From MorphOS Library

Revision as of 11:25, 15 December 2009 by ASiegel (talk | contribs)

Introduction

String pattern matching is comparing a text string with a pattern. The pattern uses specific notation to specify matching criteria. A very simple and well known form of pattern matching are the MS-DOS wildcard characters "?" and "*". The most common usage of pattern matching in computers is matching files for shell commands. Of course, MorphOS uses pattern matching in its shell, but it is also used in file requesters. Many applications use pattern matching to filter information presented. For example, Snoopium and MediaLogger match names of logged processes against user-specified patterns.

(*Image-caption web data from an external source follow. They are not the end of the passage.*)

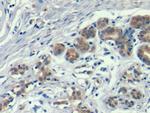 Annexin A1 Antibody in Immunohistochemistry (Paraffin) (IHC (P))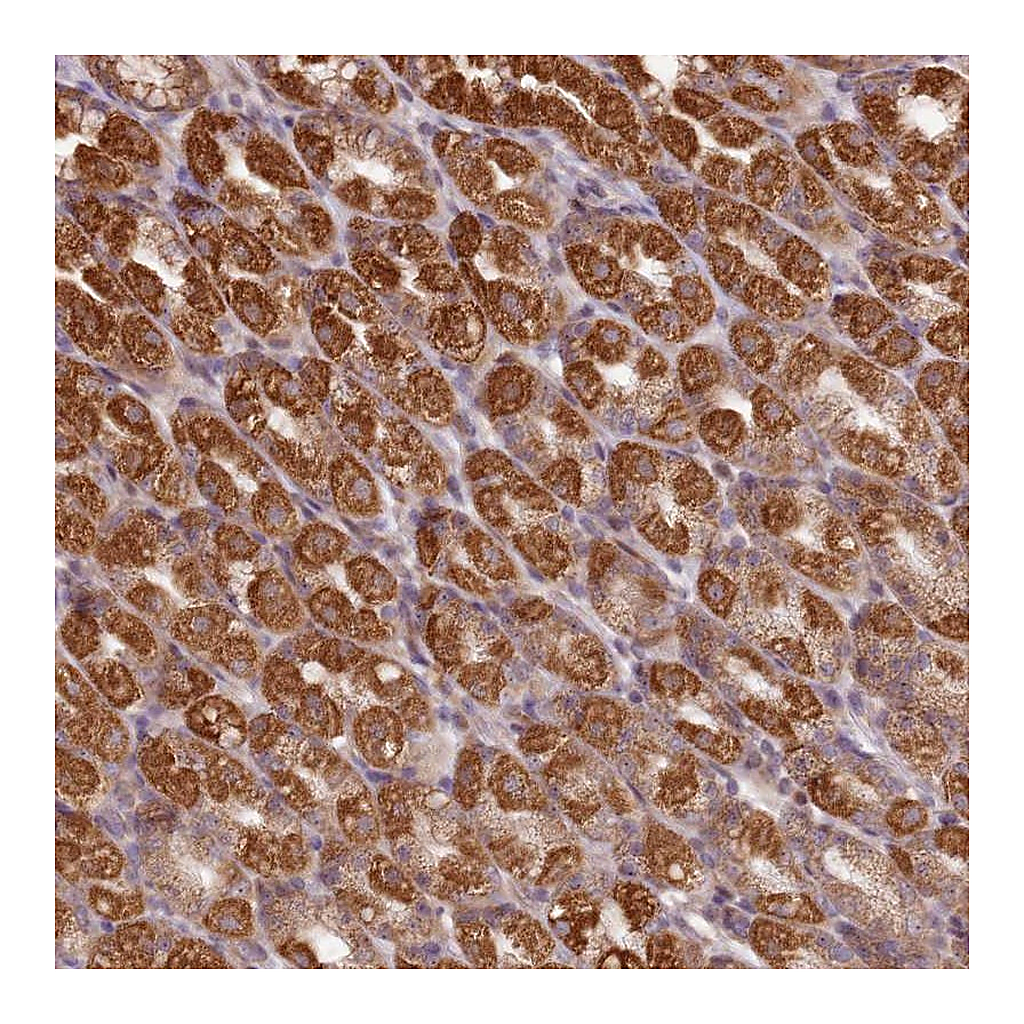 Atlas Antibodies Anti-CCDC159 Antibody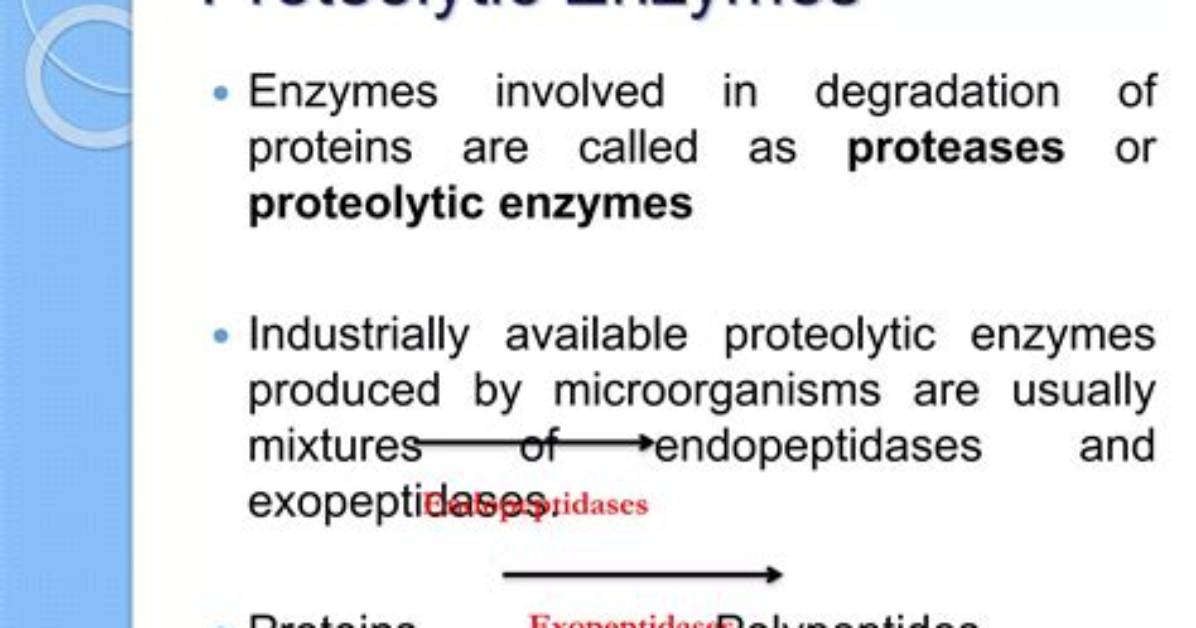 Does Proteolytic Enzymes Work?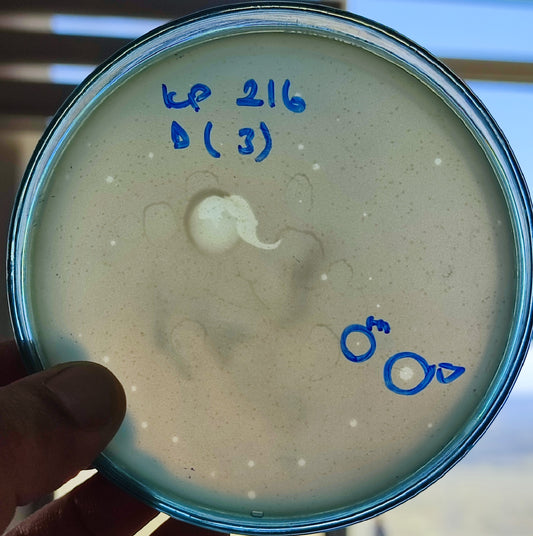 Klebsiella pneumoniae bacteriophage 180216E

MorphOS uses its own pattern notation, inherited from Amiga OS. While not as powerful as Unix regular expressions, it is easier to read and understand. On the other hand, MorphOS pattern matching is more flexible than wildcard characters. Here is an example:

delete "the #? - #?come#?.(mp3|aiff|wav)"

This command will delete all files with "mp3", "aiff" or "wav" extension, starting with "the" as a single word and having the string "come" (as a word or part of a word) anywhere after a hyphen surrounded by spaces. While this example may look complicated on first sight, it shows the power of MorphOS pattern matching. It will be clean and understandable after reading the following description of MorphOS pattern notation. For now, let's state that the whole pattern has been double-quoted only because it has spaces inside.

Notation

  • "?" (question mark) - matches one and exactly one character. For example "????" matches all 4-letter strings. "t??" matches all three-letter strings starting with "t".
  • "#" (hash) - this is a repetition operator. Matches expression standing on the right side, repeated zero or more times. For example, "#a" matches any number of letters "a", but also matches an empty string. To match at least one "a", the pattern should be denoted as "a#a". A very common pattern "#?" matches any string, so delete #? is an equivalent to unix rm *.
  • "()" (parentheses) - used for changing priority for other operators, as in math. For example "a#?a" matches any string starting and ending with "a", but "a#(?a)" matches any string in which every odd character is "a", and every even character is anything. More examples can be found below.
  • "|" (vertical bar) - means alternative. For example, "(a|b)#?" matches any string starting with "a" or "b". "#?(cat|dog)" matches any string ending with "cat" or with "dog". A typical example is matching a set of file extenstions like in the example in introduction. An even simpler example is this: "#?.(txt|doc|rtf)" matches names ended with any of three document extensions.
  • "~" (tilde) - means negation, may be read as an "all except of" expression standing on the right. For example "~a#?" matches all strings not starting with "a". Similarly "~(foo)#?" matches all strings not starting with "foo". Note the usage of parentheses, without them "~foo#? will match all strings not starting with "f", but having "o" as the second and the third character.

Examples

???#? matches all strings having at least three characters.

#(0|1|2|3|4|5|6|7|8|9) matches only numbers.